Re: Strange behaviour of the regex engine (pathological protection)

by tye (Sage)
on Jan 06, 2015 at 03:16 UTC ( [id://1112291]=note: print w/replies, xml ) Need Help??


in reply to Strange behaviour of the regex engine

Perl optimizes certain nested loop regex constructs similar to (...*)* in order to avoid what is pathological behavior with most regex engines. For non-pathological cases, there is a small cost to this protection.

The reason the performance significantly decreases is because that crosses the point that triggers the warning "Complex regular subexpression recursion limit (32766) exceeded" (repeatedly).

- tye        

  • Comment on Re: Strange behaviour of the regex engine (pathological protection)

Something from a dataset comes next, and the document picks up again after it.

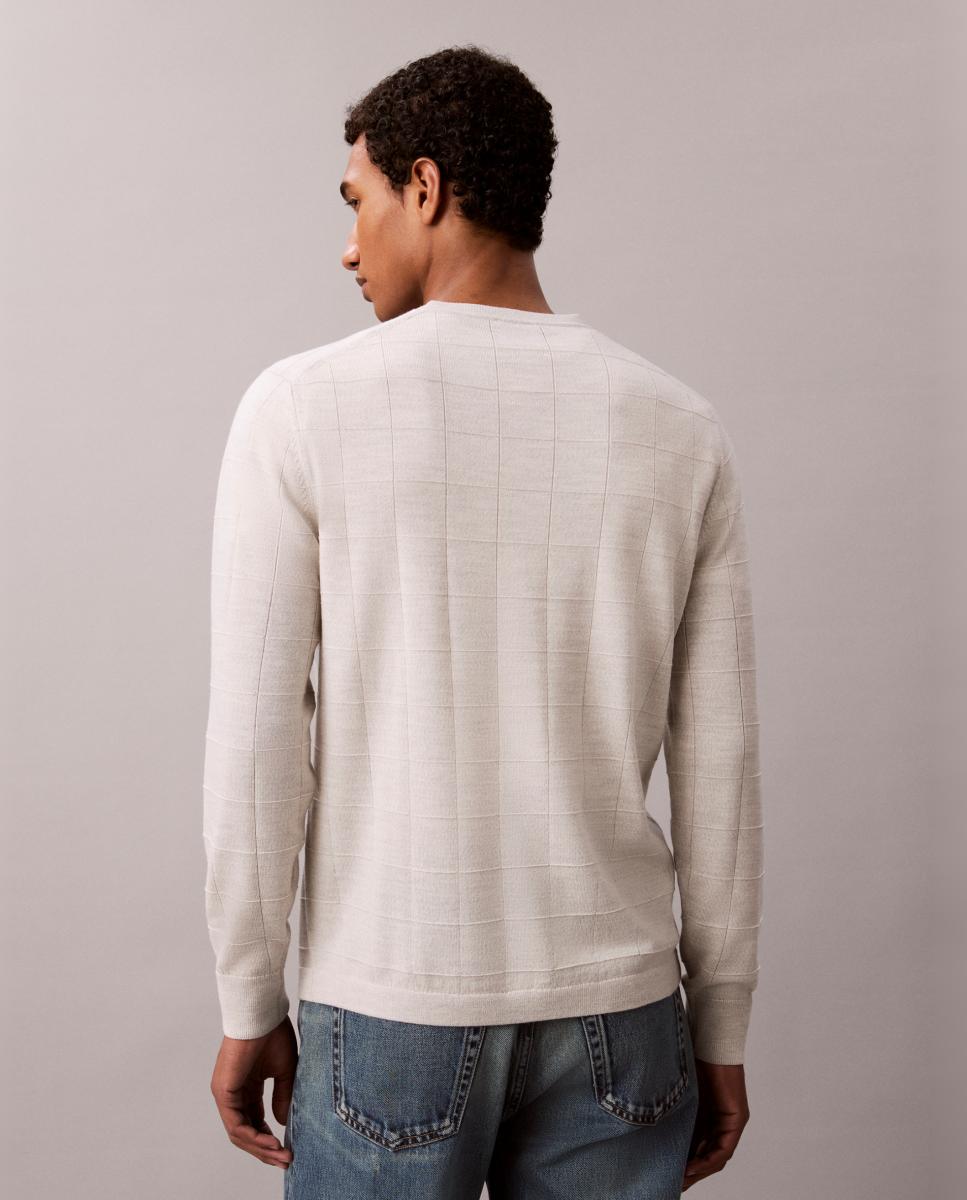 Jersey Hombre merino texturizado - Calvin Klein - Gris Gris-2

Replies are listed 'Best First'.
Re^2: Strange behaviour of the regex engine (pathological protection)
by thof (Initiate) on Jan 06, 2015 at 18:53 UTC

    Many thanks! I didn't know about warnings. But I noticed new issue. The problem is that when this warning appears the regex doesn't match... I changed line to print "not matched" if $TestString !~ m/^(a+|b)*$/; and for string 256000 and above regex is not able to match. Also when I use possessive quantifiers (m/^(a++|b)*+$/) performance improves a lot but still it does not match for strings larger than 256000.

    I don't understand regex engine in Perl... I also checked the same regexes for Python and PHP (PCRE) and they work similar to Java. I doubt that this is bug in Perl and I cannot match big input strings. There must be something I don't know.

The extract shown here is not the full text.